-- RECORDED INFORMATION --
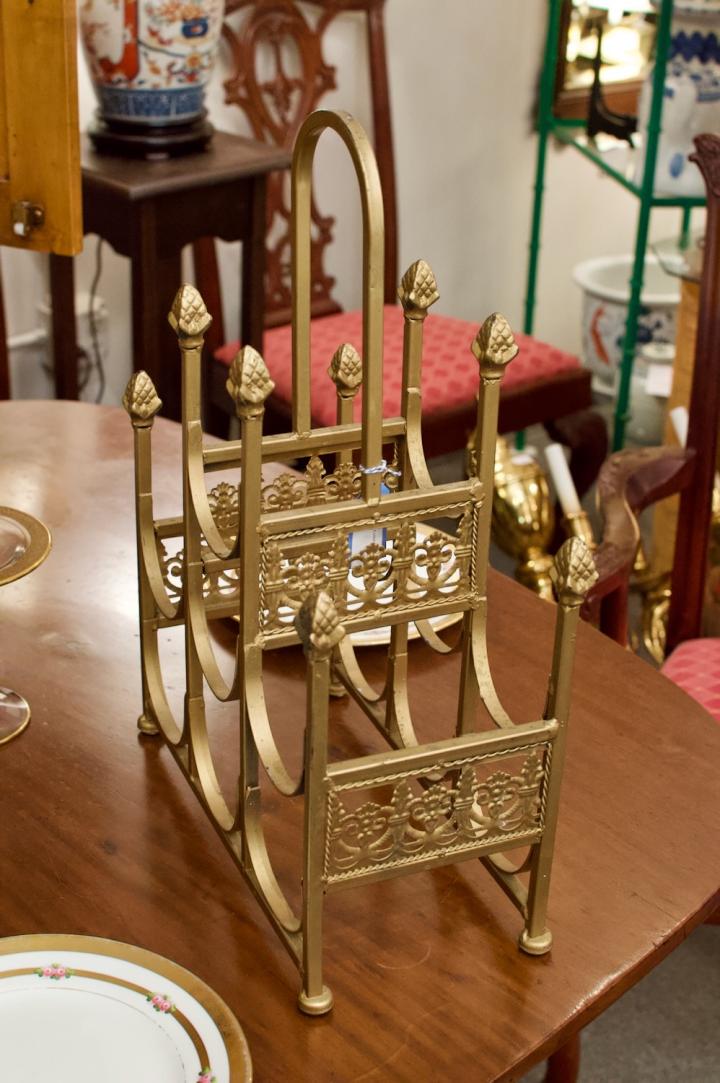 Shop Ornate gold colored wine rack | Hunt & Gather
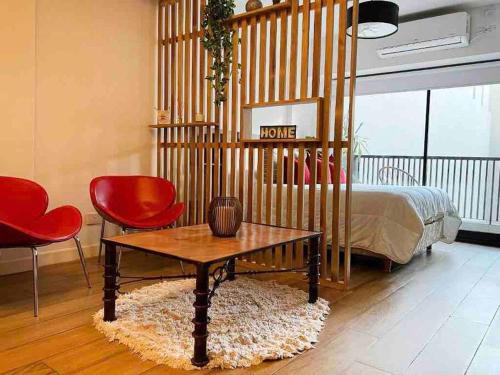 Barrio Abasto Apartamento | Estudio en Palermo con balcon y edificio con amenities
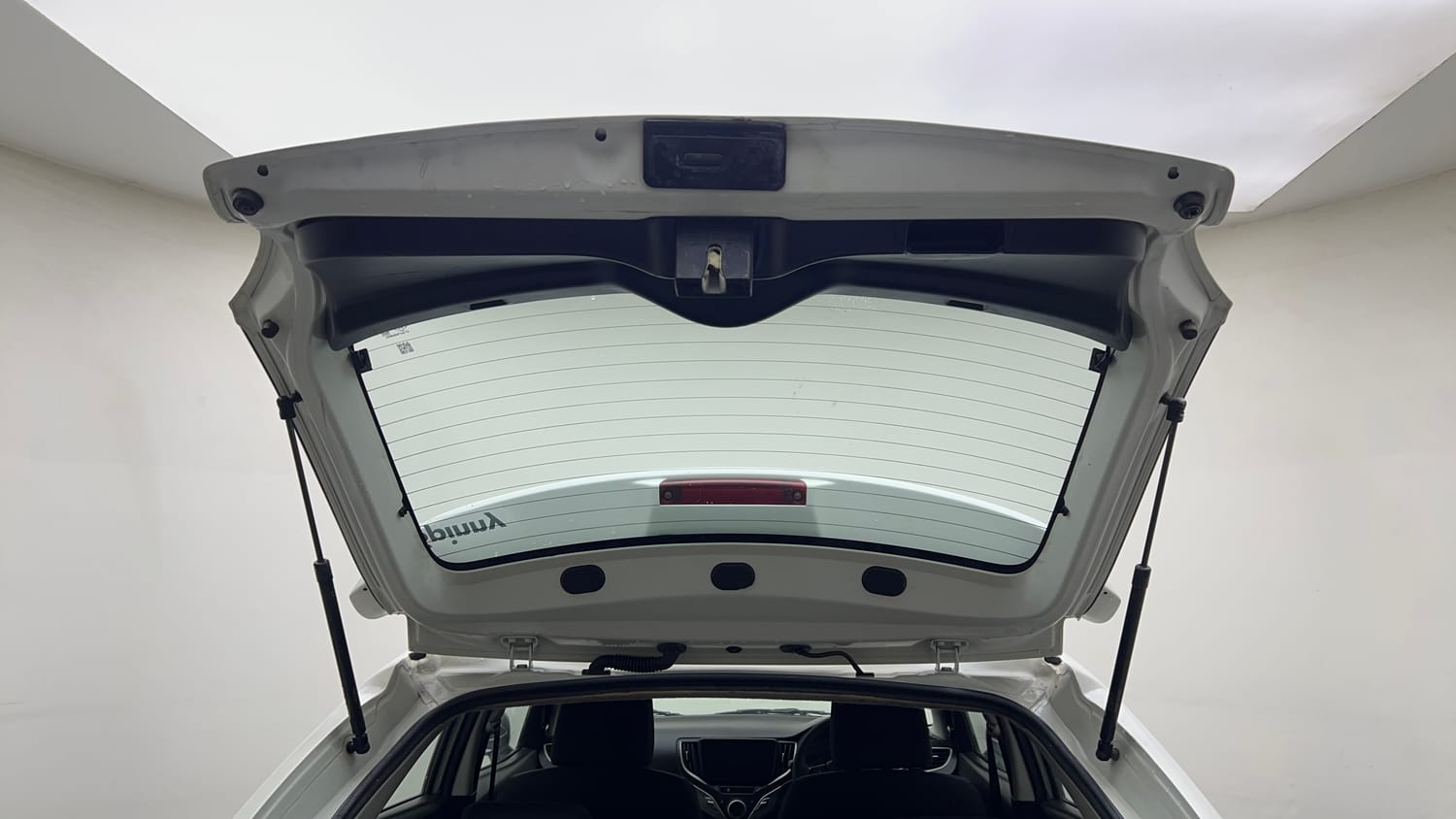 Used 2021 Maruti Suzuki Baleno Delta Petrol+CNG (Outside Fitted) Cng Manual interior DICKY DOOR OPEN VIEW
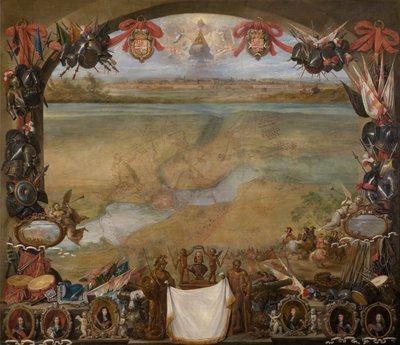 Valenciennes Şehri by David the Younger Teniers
* * *
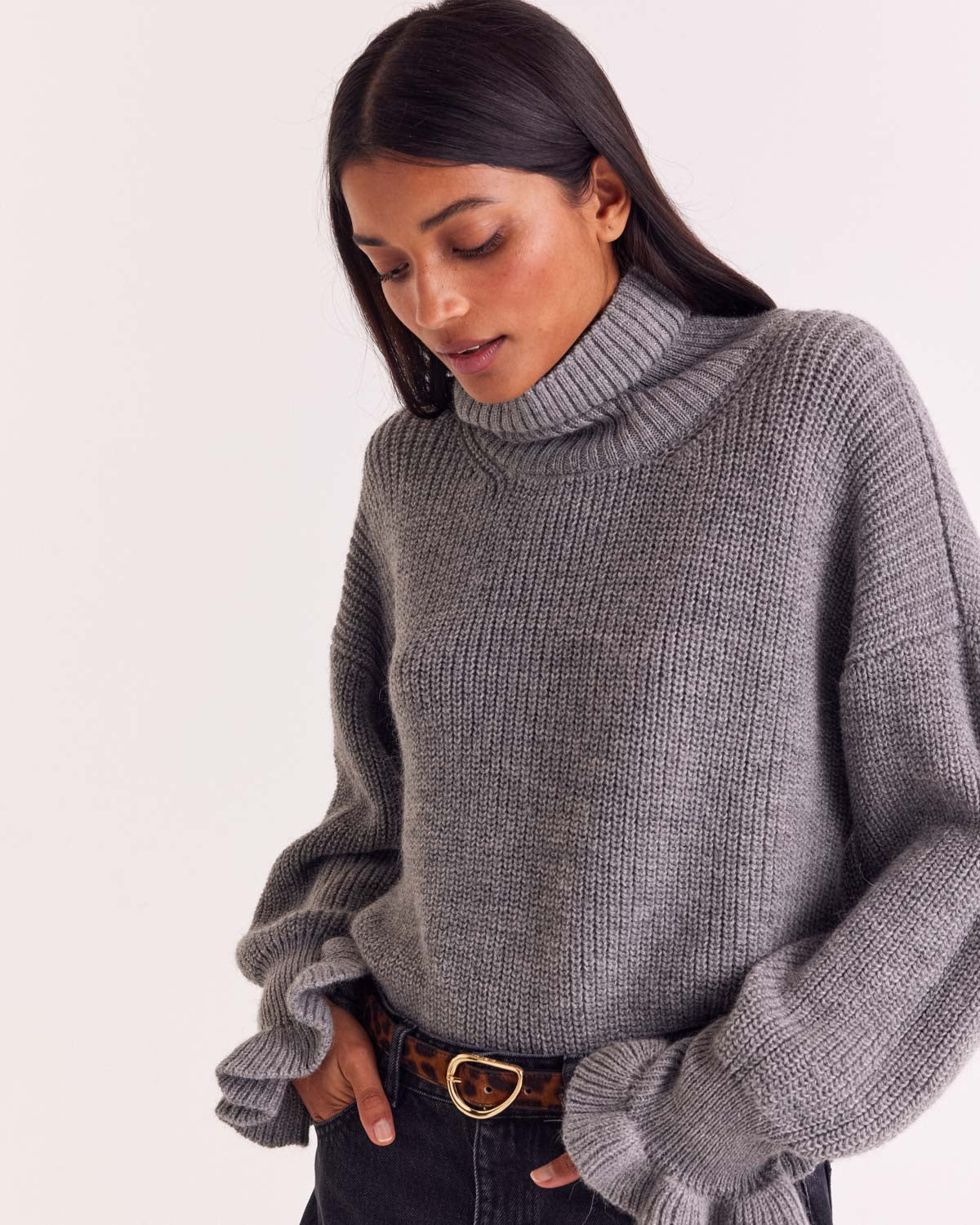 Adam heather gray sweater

-- WORK TASK --
Print an exact copy of the lines above, from the one containing "Shop Ornate gold" through the one containing "Valenciennes Şehri by", and leave out the pictures.

-- WRITTEN RESPONSE --
 Shop Ornate gold colored wine rack | Hunt & Gather
 Barrio Abasto Apartamento | Estudio en Palermo con balcon y edificio con amenities
 Used 2021 Maruti Suzuki Baleno Delta Petrol+CNG (Outside Fitted) Cng Manual interior DICKY DOOR OPEN VIEW
 Valenciennes Şehri by David the Younger Teniers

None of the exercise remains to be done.